Nothing outside the range below should be printed. Output exactly the lines from the line with "Gele Bruine Herfstbladeren" to the line with "X0000091360022200708241321", both included.

Supplied entries START

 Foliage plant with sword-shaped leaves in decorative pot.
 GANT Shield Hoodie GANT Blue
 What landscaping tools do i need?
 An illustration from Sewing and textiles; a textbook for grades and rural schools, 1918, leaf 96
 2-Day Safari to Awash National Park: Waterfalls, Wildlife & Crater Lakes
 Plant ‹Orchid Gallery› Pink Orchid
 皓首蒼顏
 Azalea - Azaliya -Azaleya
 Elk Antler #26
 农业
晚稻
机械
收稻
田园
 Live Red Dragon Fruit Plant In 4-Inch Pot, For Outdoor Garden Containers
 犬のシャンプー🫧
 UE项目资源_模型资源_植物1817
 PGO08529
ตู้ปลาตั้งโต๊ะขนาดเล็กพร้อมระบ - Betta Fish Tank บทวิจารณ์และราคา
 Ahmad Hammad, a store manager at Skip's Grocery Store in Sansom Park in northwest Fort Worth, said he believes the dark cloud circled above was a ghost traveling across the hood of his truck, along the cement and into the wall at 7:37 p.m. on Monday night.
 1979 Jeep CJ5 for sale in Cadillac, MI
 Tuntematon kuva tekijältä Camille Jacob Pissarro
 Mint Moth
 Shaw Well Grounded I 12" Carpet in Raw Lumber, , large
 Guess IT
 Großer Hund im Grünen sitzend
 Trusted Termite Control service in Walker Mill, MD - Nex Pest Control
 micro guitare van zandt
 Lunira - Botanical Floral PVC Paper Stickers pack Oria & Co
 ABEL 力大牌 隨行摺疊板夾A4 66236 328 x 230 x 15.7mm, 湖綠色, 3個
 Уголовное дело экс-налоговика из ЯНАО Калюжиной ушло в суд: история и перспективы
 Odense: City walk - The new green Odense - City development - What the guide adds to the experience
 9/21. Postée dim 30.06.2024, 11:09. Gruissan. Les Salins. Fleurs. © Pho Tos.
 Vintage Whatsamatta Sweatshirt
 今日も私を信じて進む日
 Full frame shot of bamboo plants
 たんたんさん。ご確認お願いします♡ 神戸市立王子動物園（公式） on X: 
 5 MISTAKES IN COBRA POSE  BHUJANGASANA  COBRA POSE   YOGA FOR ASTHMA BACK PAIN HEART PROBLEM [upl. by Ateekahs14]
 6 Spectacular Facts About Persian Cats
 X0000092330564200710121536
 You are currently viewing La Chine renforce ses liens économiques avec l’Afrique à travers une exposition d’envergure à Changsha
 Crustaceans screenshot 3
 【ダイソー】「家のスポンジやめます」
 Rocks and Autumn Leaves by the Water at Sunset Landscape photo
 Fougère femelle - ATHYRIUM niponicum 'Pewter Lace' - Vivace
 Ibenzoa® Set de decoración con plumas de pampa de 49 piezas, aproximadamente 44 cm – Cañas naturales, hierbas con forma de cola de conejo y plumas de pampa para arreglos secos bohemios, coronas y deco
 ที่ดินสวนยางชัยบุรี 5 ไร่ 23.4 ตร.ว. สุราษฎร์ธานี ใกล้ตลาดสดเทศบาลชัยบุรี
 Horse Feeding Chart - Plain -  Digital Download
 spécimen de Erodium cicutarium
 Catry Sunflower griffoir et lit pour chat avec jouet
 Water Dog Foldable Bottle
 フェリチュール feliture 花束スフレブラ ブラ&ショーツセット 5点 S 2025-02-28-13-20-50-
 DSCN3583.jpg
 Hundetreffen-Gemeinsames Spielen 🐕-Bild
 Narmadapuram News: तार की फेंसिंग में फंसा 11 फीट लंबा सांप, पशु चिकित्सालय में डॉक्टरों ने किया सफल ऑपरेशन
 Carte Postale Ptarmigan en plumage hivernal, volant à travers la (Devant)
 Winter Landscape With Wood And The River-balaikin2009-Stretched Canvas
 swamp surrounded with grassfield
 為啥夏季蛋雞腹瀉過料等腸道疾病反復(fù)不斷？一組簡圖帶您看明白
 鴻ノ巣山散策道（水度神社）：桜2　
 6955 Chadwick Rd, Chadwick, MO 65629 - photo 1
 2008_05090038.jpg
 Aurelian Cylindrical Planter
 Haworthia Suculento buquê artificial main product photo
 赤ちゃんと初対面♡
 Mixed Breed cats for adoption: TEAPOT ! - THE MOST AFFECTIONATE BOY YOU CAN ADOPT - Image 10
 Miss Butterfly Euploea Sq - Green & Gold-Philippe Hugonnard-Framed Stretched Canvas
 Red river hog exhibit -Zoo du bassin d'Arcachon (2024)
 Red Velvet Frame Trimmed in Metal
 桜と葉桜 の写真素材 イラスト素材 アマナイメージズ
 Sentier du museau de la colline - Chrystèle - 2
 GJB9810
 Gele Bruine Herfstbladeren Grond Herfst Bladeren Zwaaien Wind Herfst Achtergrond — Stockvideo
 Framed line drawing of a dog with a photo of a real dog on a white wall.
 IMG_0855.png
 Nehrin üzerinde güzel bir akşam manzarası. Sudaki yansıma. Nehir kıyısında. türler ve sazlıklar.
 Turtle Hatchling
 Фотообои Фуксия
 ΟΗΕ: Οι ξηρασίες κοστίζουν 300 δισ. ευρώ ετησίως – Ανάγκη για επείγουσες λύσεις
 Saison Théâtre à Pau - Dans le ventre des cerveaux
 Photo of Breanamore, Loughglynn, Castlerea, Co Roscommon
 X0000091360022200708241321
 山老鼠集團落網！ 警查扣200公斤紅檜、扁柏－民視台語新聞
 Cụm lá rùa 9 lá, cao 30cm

Supplied entries END

> **Response below**
 Gele Bruine Herfstbladeren Grond Herfst Bladeren Zwaaien Wind Herfst Achtergrond — Stockvideo
 Framed line drawing of a dog with a photo of a real dog on a white wall.
 IMG_0855.png
 Nehrin üzerinde güzel bir akşam manzarası. Sudaki yansıma. Nehir kıyısında. türler ve sazlıklar.
 Turtle Hatchling
 Фотообои Фуксия
 ΟΗΕ: Οι ξηρασίες κοστίζουν 300 δισ. ευρώ ετησίως – Ανάγκη για επείγουσες λύσεις
 Saison Théâtre à Pau - Dans le ventre des cerveaux
 Photo of Breanamore, Loughglynn, Castlerea, Co Roscommon
 X0000091360022200708241321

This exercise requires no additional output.